The English courts have only permitted the corporate veil to be pierced, or lifted, in a handful of cases in over a century, often where the company was used as a ‘puppet’ to disguise the fraudulent activities of the individual ‘puppeteers’ controlling it. This can be important because individual ‘puppeteers’ may have more funds to satisfy a judgment than the company, which is often insolvent by the time the fraud is uncovered. However, it was never precisely clear when the corporate veil may be pierced and what limitations there were on such an exercise. Recently, in a large fraud case, one English judge held that the corporate veil should be pierced and there was no reason why the ‘puppeteer’ should not be held to be a party to a contract entered into by the ‘puppet’ company he controlled. This was a controversial decision, as some commentators suggested that it extended the principle of piercing the corporate veil one step too far.

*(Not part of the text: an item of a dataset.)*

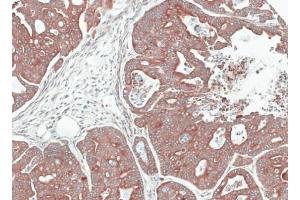 IHC-P Image Immunohistochemical analysis of paraffin-embedded gastric cancer N87 xenograft, using NOV, antibody at 1:100 dilution. (NOV 抗体  (Center))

The Supreme Court has now considered this issue afresh and today handed down an important judgment on this issue. In the case of VTB Capital plc v Nutritek International Corporation & others  UKSC 5, the Supreme Court has unanimously held that it was against authority and principle to pierce the corporate veil in order to hold that those who misused the company (the ‘puppeteers’) were parties to the contracts entered into by that company (the ‘puppet’) when none of the parties intended that to be the case. The Court refused to rule on the argument that piercing the corporate veil could never be justified.
Although this decision firmly limits the effect of piercing the corporate veil, the principle itself remains intact. This is significant for any fraud case where corporate entities are being used as a device or facade to conceal the liability of controlling individuals; particularly so in a jurisdiction which does not recognise the concept of group corporate liability.
The Withers Civil Fraud Group is dealing with several large scale fraud cases that were on hold pending this decision and we are aware of several others in London. Potential claimants were waiting to see if they would be able to pierce the corporate veil of target companies and go after the individuals based on contractual claims. Following the judgment of the Supreme Court, those claims are now likely to come to life in any event.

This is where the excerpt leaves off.